JH: Both, and then some. I call it a legal, psychological suspense thriller.

BRC: A thriller. A sex crime. A psychiatrist. That's SILENCE OF THE LAMBS --- and RETRIBUTION. How conscious were you of that earlier book as you planned the character of Dr. Chambers?

JH: Conscious in the sense that I admire Thomas Harris and loved SILENCE OF THE LAMBS. But the dynamics in RETRIBUTION are different, and without giving anything away, the motivations of Dr. Chambers are not that of Hannibal Lector.

BRC: Again and again, we read that men who commit sex crimes rarely stop at one. It's an extension of government that would violate civil rights … but would women sleep better if all men had to give police a DNA sample?

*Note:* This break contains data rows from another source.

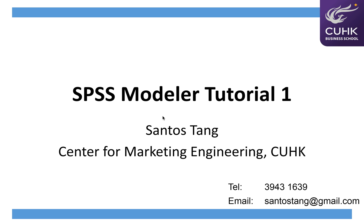This is SPSS Modeler Tutorial 1. I'm Santos Tan, research assistant at the Center for Marketing Engineering at the Chinese University of Hong Kong.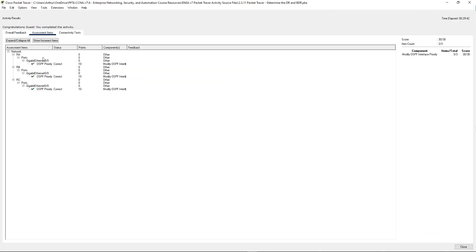Everything is there, 30 out of 30. Lab is complete. Questions or concerns please reach out. Thank you.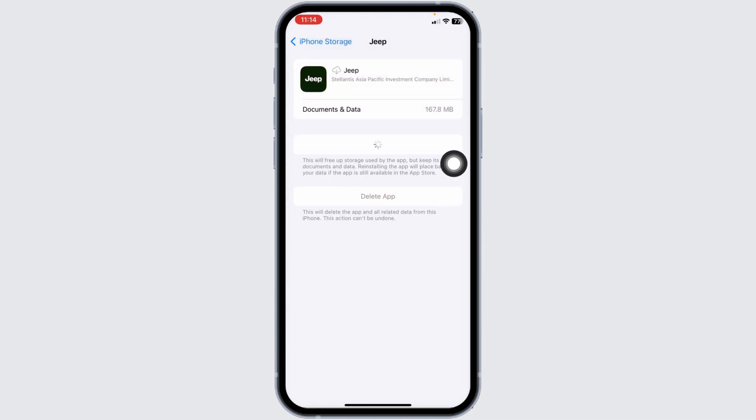Now, click on reinstall app. After you reinstall the app, you can check whether your problem has been solved or not. If this solution doesn't work for you, you can apply solution 3.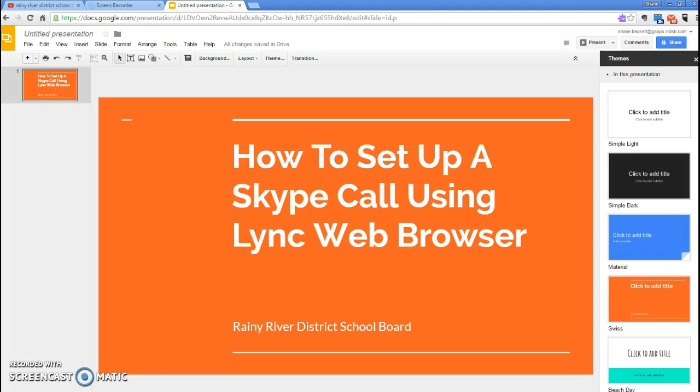Here's a video on how to set up a Skype call using the Lync Web Browser and Lync Web Scheduler. It'll enable you to use Skype for Business with people who have personal Skype accounts. You can do it through a web browser rather than through the Skype program.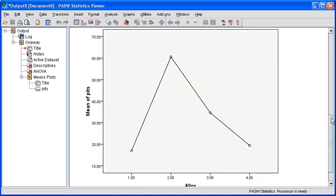For those of you who are visual learners like myself, the means plot makes it easier to take a look at the differences and compare the different corrosion pits for each alloy. It places them on a plot and compares them side by side, making it easier to see firsthand exactly which one has the most and which one has the least number of corrosion pits.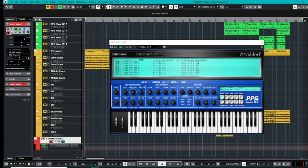Good morning, afternoon, evening, whatever time zone you may be in. It's Jess from Audio Plug-In Deals and today we are reviewing the Waldorf PPG Wave 3.V Synth. Man, that's a mouthful. And this is an emulator of a synthesizer from the 80s developed by Wolfgang Palm.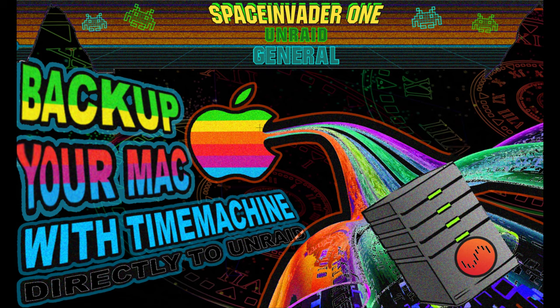Hi guys and welcome to another video. This video is carrying on to do with backing up your PC. This time we're going to be backing up macOS using Time Machine directly to your Unraid server. Sounds interesting? Then let's get started.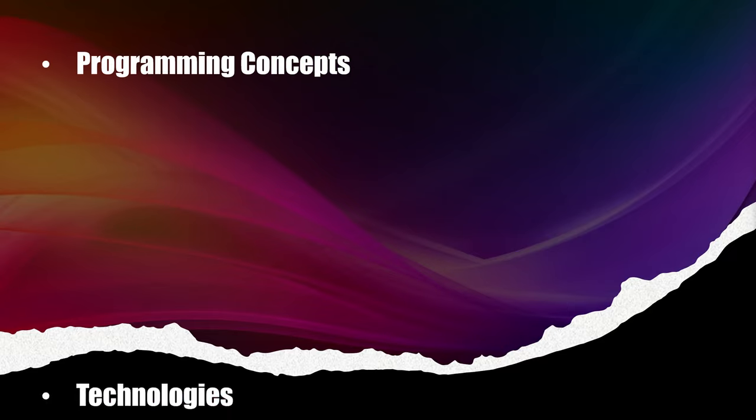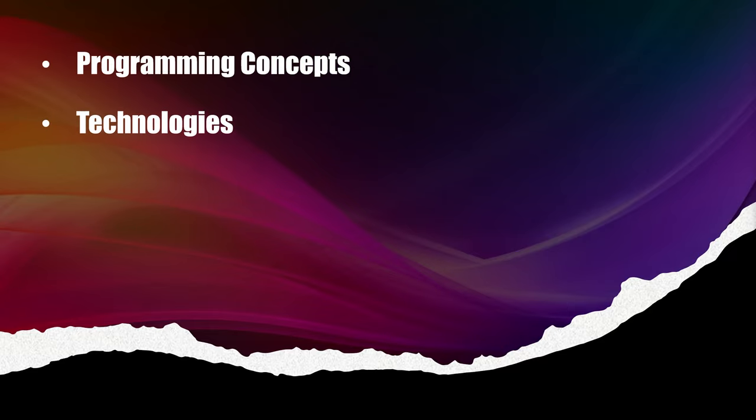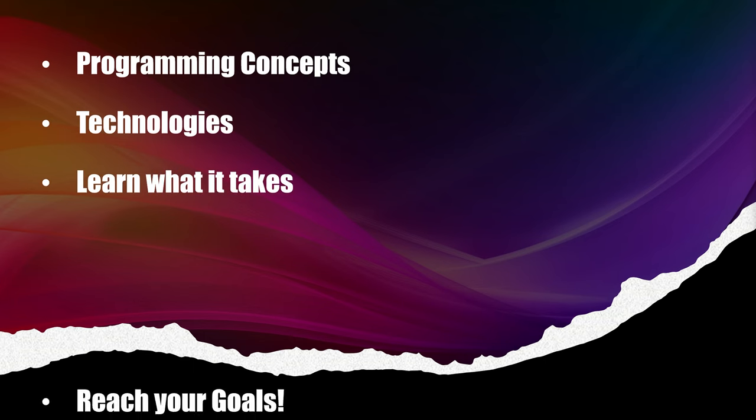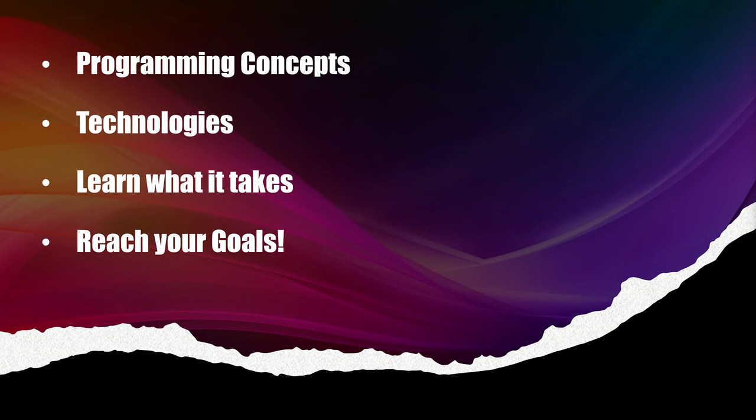This channel is dedicated to teaching programming concepts and technologies so that you get a better understanding of what it takes and how to move forward towards your goals.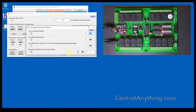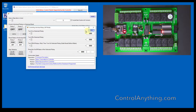Controlling individual relays is all about using a simple set of commands to talk to each relay individually. These commands are used to control relays by their number rather than using groups of eight relays in a relay bank.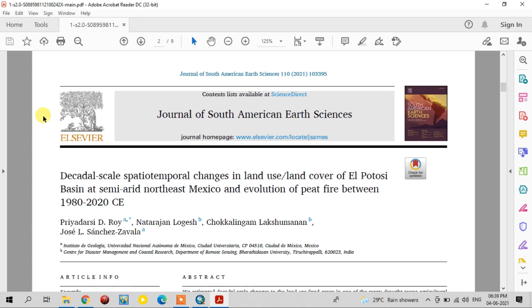Hi guys, this is the GIS and Remote Sensing Basic YouTube channel. If you are newly watching this channel, subscribe it for further videos. Today in this video we are going to see one of my recent publications in the Journal of South American Earth Sciences. The title is: Decadal Scale Spatio-Temporal Changes in Land Use Land Cover of Álamo-Tosa Basin at Semi-Arid Northeast Mexico.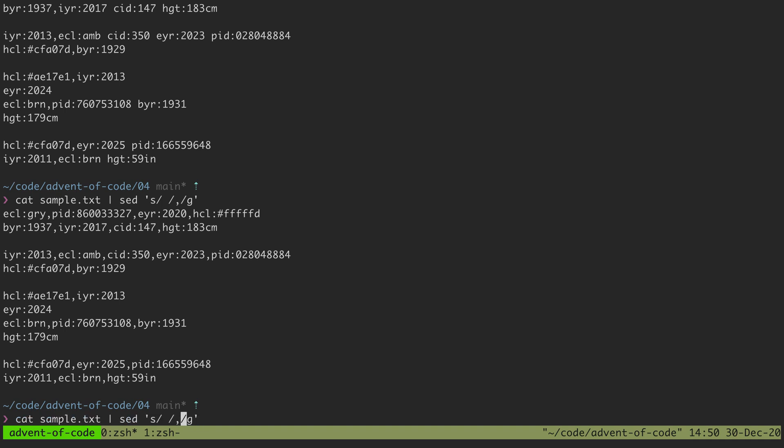It's not so great when you want to do something like a newline replacement because sed really isn't meant to handle that. But we can make sed do it anyway because it's pretty powerful and there's a lot of different flags you can use to kind of manipulate the way it works.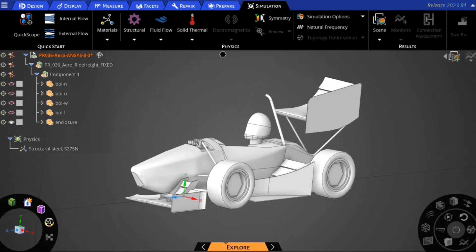Hello, in this video we're going to discuss how to calculate the aero balance for an FSAE racecar. Before we begin, we should define what aero balance really means.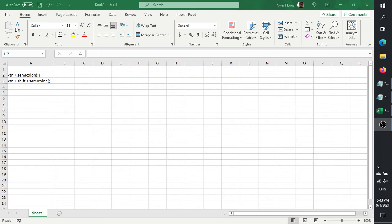Good day fellow noobs. Today we're going to talk about what you can do if you want to record seconds in Excel. As you know, or maybe it's totally new to you, there are shortcut keys for recording the date and time in Excel.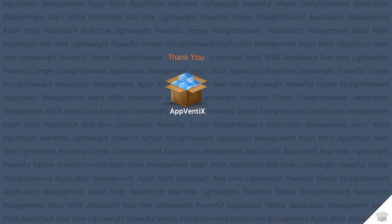This concludes the video about deploying Microsoft Store applications with Appvenix. Thank you for watching. We'll see you next time.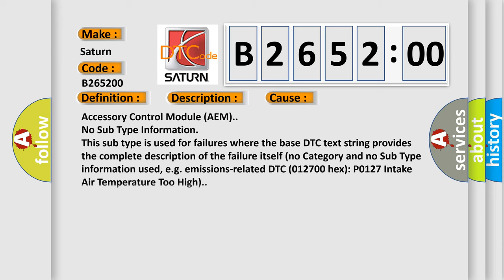This diagnostic error occurs most often in these cases: Accessory Control Module AEM with no subtype information. This subtype is used for failures where the base DTC text string provides the complete description of the failure itself, with no category and no subtype information used. For example, emissions related DTC P0127 intake air temperature too high.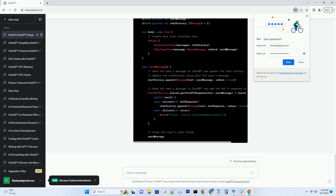Familiarize yourself with the basics of SwiftUI if you're not already. Understanding concepts like views, modifiers, and data binding will be essential. A good grasp of Swift programming is also crucial, as you'll be writing code to interact with ChatGPT and manage your app's functionality.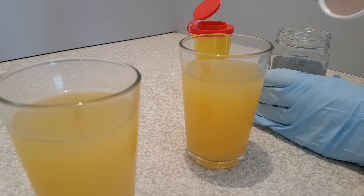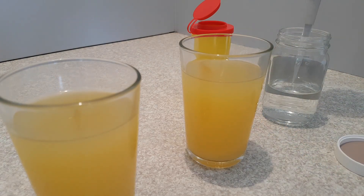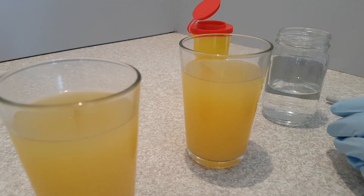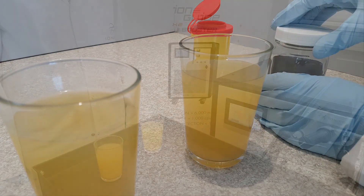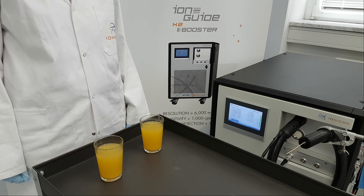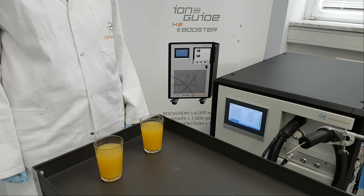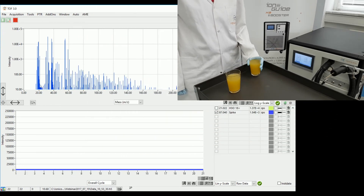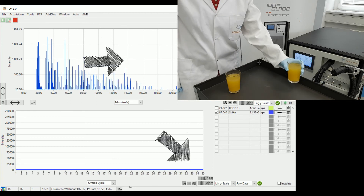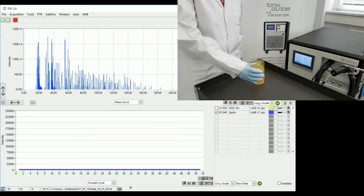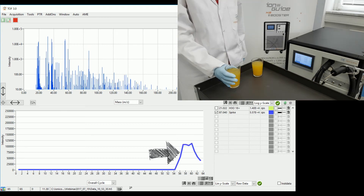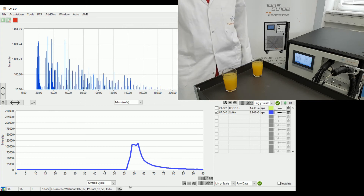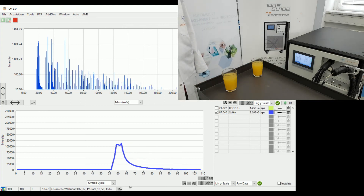I have prepared two glasses of commercially available orange juice. I will spike one of these glasses with a few microliters of a chemical compound — an amount below the human's detection level. As a next step, I analyze the headspace of the two glasses of orange juice one after the other. First, I measure the non-spiked orange juice: looking at the mass spectrum, you can see aroma compounds rising, but not the signal of the added compound. Then I analyze the headspace of the spiked juice, and you can see the signal of the added compound rising within milliseconds. Although the orange juice is a complex matrix, PTRMS is selective and sensitive enough to detect the compound of interest in real time.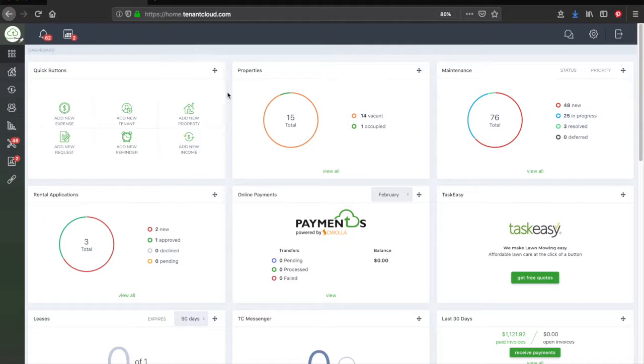Hi, this is Taylor, and in this video I'm going to show you how to move out your tenants with TenantCloud.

JH: Rape is a crime of power and control, not passion. The fear of getting caught will not stop a sex offender. A DNA sample will help law enforcement find an individual --- if he has left a sample of himself behind --- but it will not stop the crime itself from occurring.

BRC: Reading your book, we thought, "It seems that if you're an attractive young woman, you should go through your day thinking that life is dangerous and you, in particular, aren't safe." Do you believe that? If so, what can women do to protect themselves?

JH: I think no one is immune to crime. With that in mind, I take certain common-sense precautions. I don't walk or jog alone at night, or in areas that are deserted or isolated even during the day. I make sure my home is secure before I go to sleep, and I am aware of my surroundings at all times. If my gut tells me something is amiss, I listen to it.

BRC: RETRIBUTION has received a lot of attention before publication. What is it like to have your manuscript become The HOT Debut Book of the year?

JH: It is an amazing feeling, really. I never imagined it would happen, so I appreciate every piece of good news that I get, thinking it can't get any better than this. The big test is the reading public.